Only the Flemish Christian democrats don’t see any need for measures to curb the Monarch’s powers.
The idea of making of the King’s role purely ceremonial is not new.
However, this is the first time that such a broad consensus has emerged across the ideological and linguistic divides that exist in Belgian politics.
It will come as no surprise to the King that the Chairman of the Flemish Nationalist Party Bart De Wever is in favour of taking power away from the Belgian monarchy.
More surprisingly perhaps, is the fact that Chairmen of the Francophone political parties are now also in favour of change.
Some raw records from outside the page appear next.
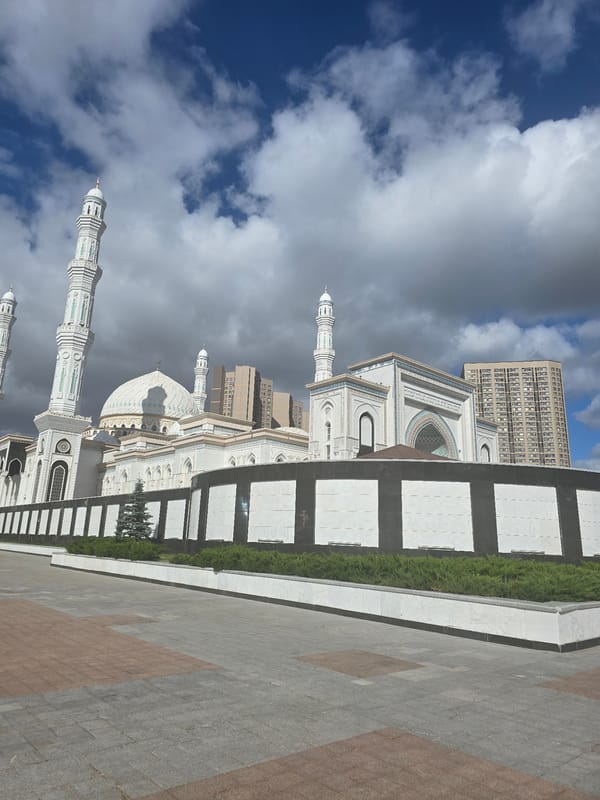 Hazrat Sultan Mosque stands tall under cloudy Astana skies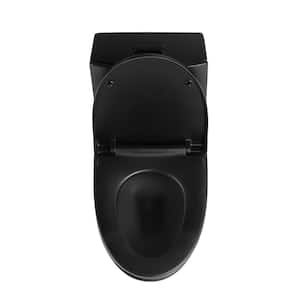 Dual Flush 1.1/1.6 GPF Elongated 1-Piece Toilet in Matte Black with UF Soft Closing Seat Cover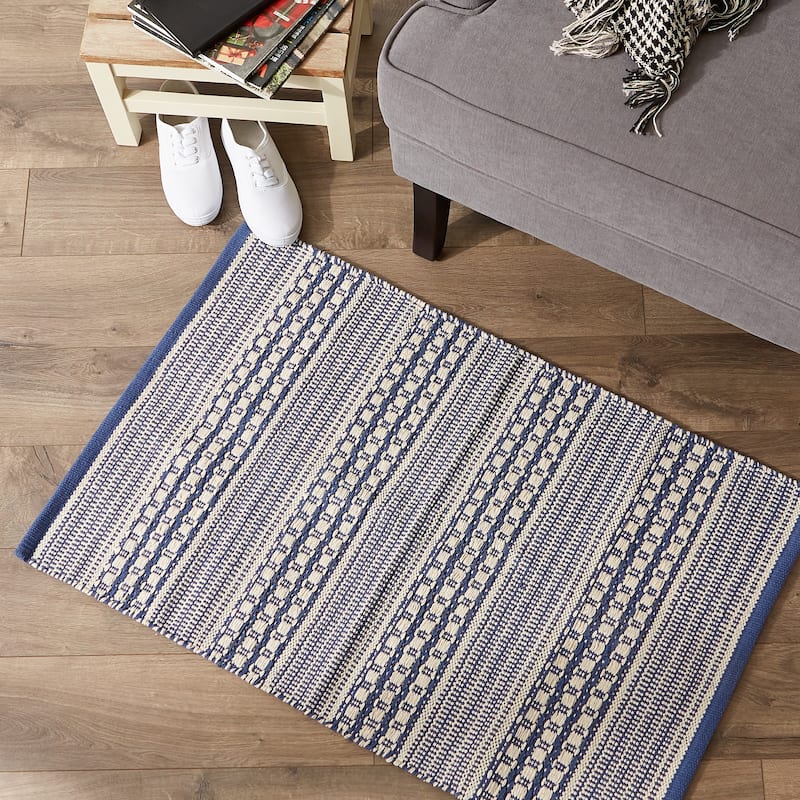 DII Stone Dobby Stripe Hand-Loomed Rug 2ft 6inx6 Ft - 36.0 In. L X 24.0 In. W X 0.2 In. H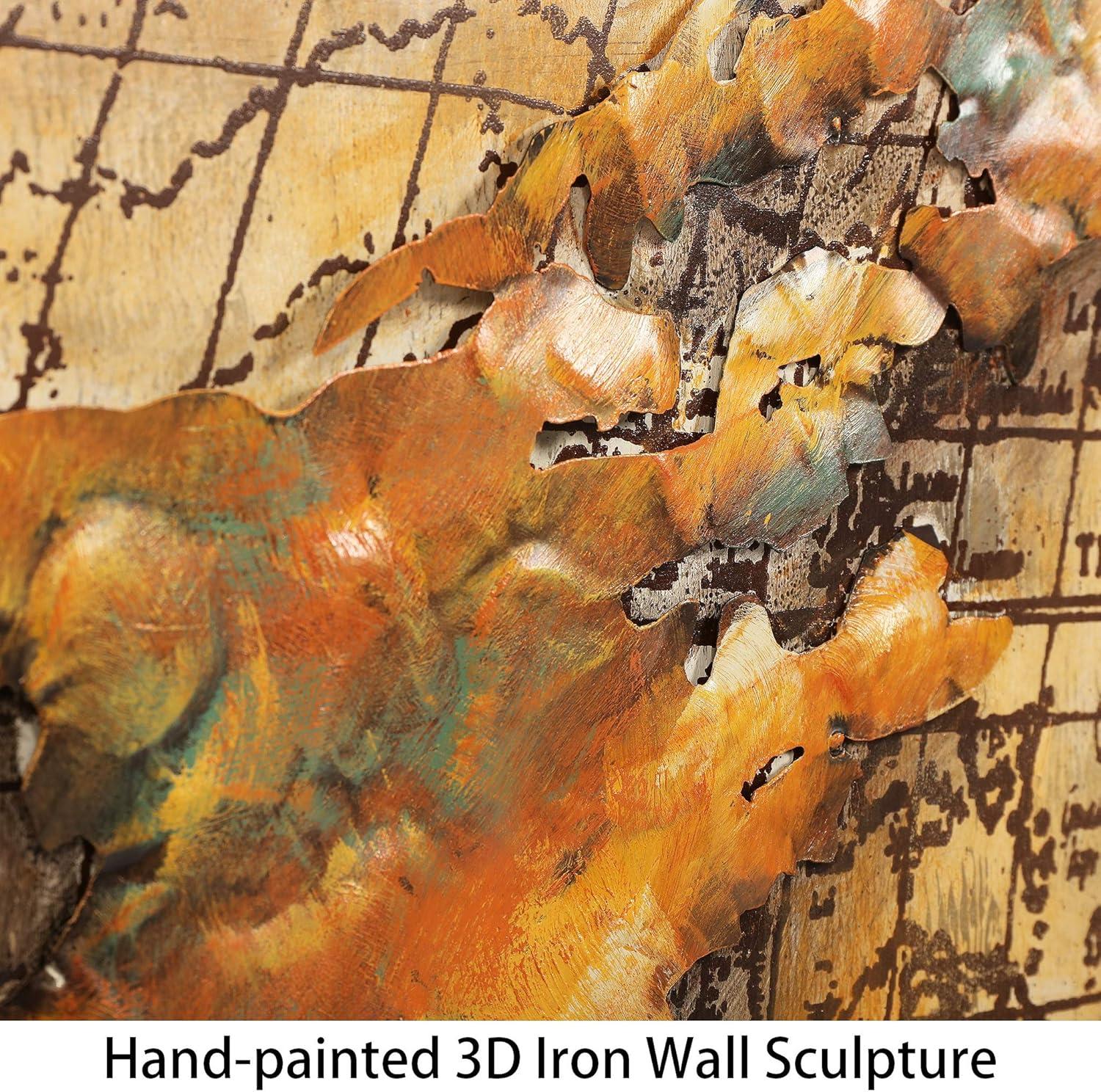 Empire Art Direct  World Map Hand Painted Primo Mixed Media Iron Wall Sculpture 3D Metal Wall Art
In recent years, the Francophone parties have vigorously defended the monarchy as they saw it as a way of preserving national unity in the wake of demands by Flemings for more autonomy.
Nevertheless, prominent politicians from the Francophone liberals, greens, socialists and Christian democrats now say that there should at the very least be talks on changes to the current status quo.
The Francophone socialist Chairman Elio Di Rupo says that a debate on the role of the monarch is necessary as one can never know what the future will bring.
Meanwhile, the Chairman of the Francophone liberals is much clearer: “An evolution towards a ceremonial monarch is inevitable."
With the King not getting any younger, almost all the Flemish parties feel that it would be a good idea to look at making changes to the Monarch’s role.
The Chairwoman of the Flemish socialist party Caroline Gennez says that she can imagine that at his age King Albert II would rather spend time on his yacht or sleep in at home.
Ms Gennez added “We would like to help him to do this by changing to a ceremonial monarchy like in Scandinavia."
The Flemish greens are also in favour of reducing the King’s powers.
The party’s Chairman Wouter Van Besien says that although the King isn’t the greatest threat to democracy at the moment., his party would like the role of the Belgian monarchy to become purely ceremonial.
However, the Chairwoman of the Flemish Christian democrats Marianne Thyssen told VRT radio that her party doesn’t feel that changing the King’s role is a priority.